I'd slowed to accommodate the heavy traffic when, out of the blue, he asked, "How did Erin figure it out?"
"What?"
"You said you didn't tell Erin what you are, that she figured it out."
"Good grief. You have quite a memory." I winced. "I mean—"
"I know what you meant. And yes, I think I normally have an excellent memory."
"Do you remember everything?"
"No, but what I do recall is accurate." He paused, as if considering something new. "It seems that either emotion or intent can fix things in my memory."
"Hmm. Works that way for most of us. I wonder if emotion or intent could also make you forget."
He shifted in his seat, looked out the window, then back at me. "What an uncomfortable thought. Why would I do such a thing to myself?"
I didn't know, either. "So, what was the first thing I said to you?"
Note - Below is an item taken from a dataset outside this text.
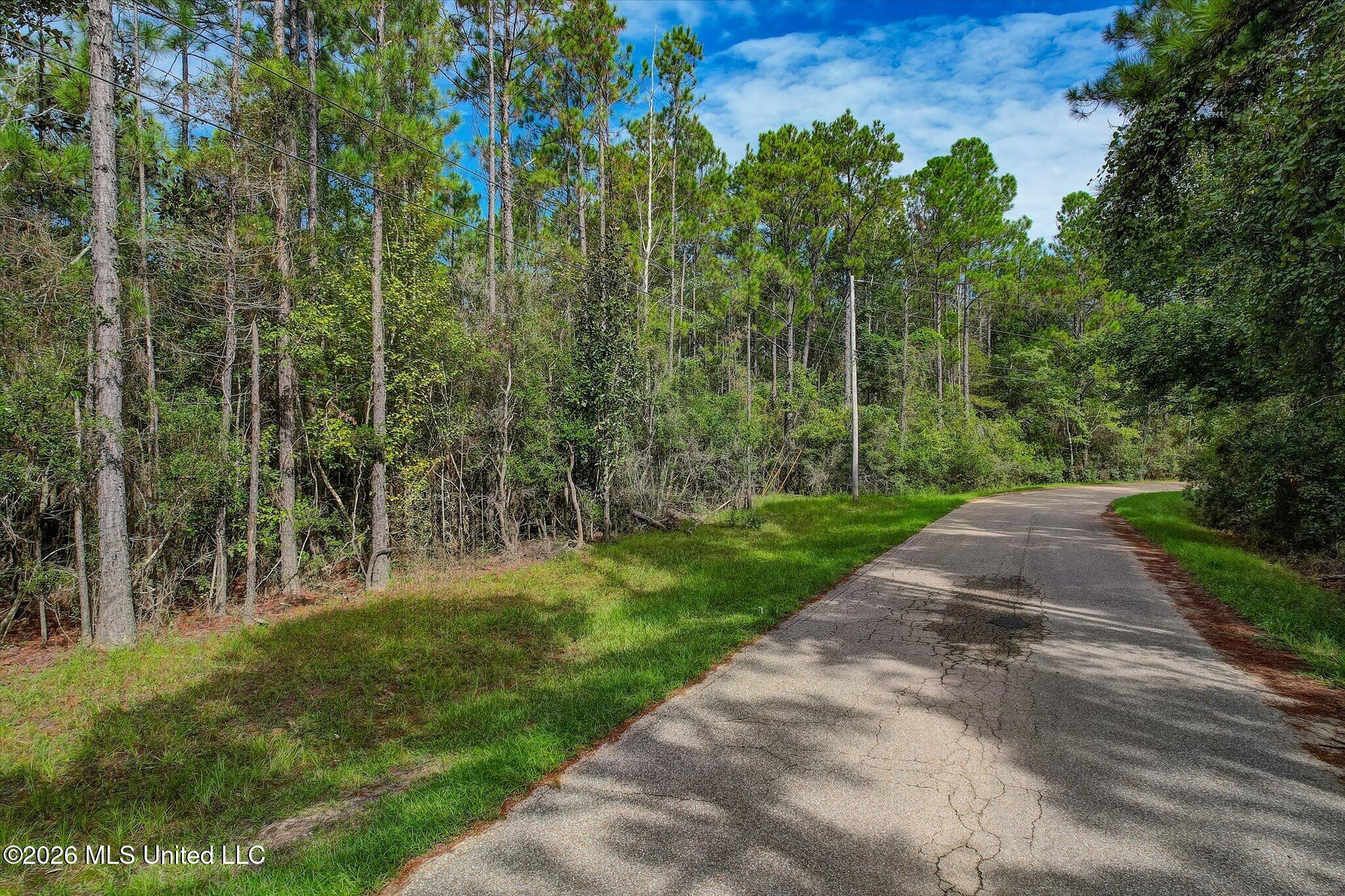 12375 Road 248 Property Photo 5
"You hoped that I spoke English. Molly," he said, and amusement ran through his voice, a silvery ripple in a dark current. "You might distract me, but I'll remember what I asked, and ask again. In that way I am rather like that two-year-old you mentioned. They persist, too. Do you not want to tell me how Erin figured out about you?"
"Not really." The habit of secrecy was strong… as was a sneaky little wish that he would think well of me. Foolishness. Both the wish, and the desire to base it on misdirection. I was what I was.
So why not tell him? "All right," I said, signaling that I meant to take the next exit. I wasn't hungry—well, not for food. But he must be. It was nearly eight. "I… used to know Erin's great-grandmother. So when I moved back to Galveston—"
"You'd lived there before?"
"I was there for the Great Storm. Anyway, I knew about Erin and I was curious, so I sort of kept an eye on her. She liked to walk on the beach at night."
"So do you."
"Yes, but I'm hard to hurt."
"She came into danger?"
"There were two of them that night," I said, remembering. "Two pond-scum bastards who followed her, just as I was. One had a knife. He grabbed her, held the blade to her throat. The other ripped open her shirt."
His breath sucked in. "Did you kill them?"
"You're more bloodthirsty than I realized."
"Perhaps you preferred to let the law kill them."
He was certainly clear on how rapists should be treated. I couldn't say I disagreed. "They had heart attacks. One lived, one didn't."
"How? What did you do?"
"Just a minute," I said, easing the big Winnebago onto the access road. "I want to pull in at that gas station and top off the tank. The sign says they have diesel."
"Are you avoiding my question again?"
"It's easier to show than to tell, that's all."
"I'd rather not have a heart attack."
"You keep asking questions, you can't complain if some of the answers aren't comfortable."